* _Information provided_
━━━━━━━━━━━━━━━━━━━━

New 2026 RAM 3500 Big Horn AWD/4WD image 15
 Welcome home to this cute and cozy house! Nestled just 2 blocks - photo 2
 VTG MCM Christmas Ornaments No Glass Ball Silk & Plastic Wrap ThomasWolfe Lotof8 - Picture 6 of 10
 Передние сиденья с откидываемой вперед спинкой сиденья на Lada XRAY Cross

━━━━━━━━━━━━━━━━━━━━

* _Exercise instructions_
Please copy the material above without changing a single word.

* _Solution_
New 2026 RAM 3500 Big Horn AWD/4WD image 15
 Welcome home to this cute and cozy house! Nestled just 2 blocks - photo 2
 VTG MCM Christmas Ornaments No Glass Ball Silk & Plastic Wrap ThomasWolfe Lotof8 - Picture 6 of 10
 Передние сиденья с откидываемой вперед спинкой сиденья на Lada XRAY Cross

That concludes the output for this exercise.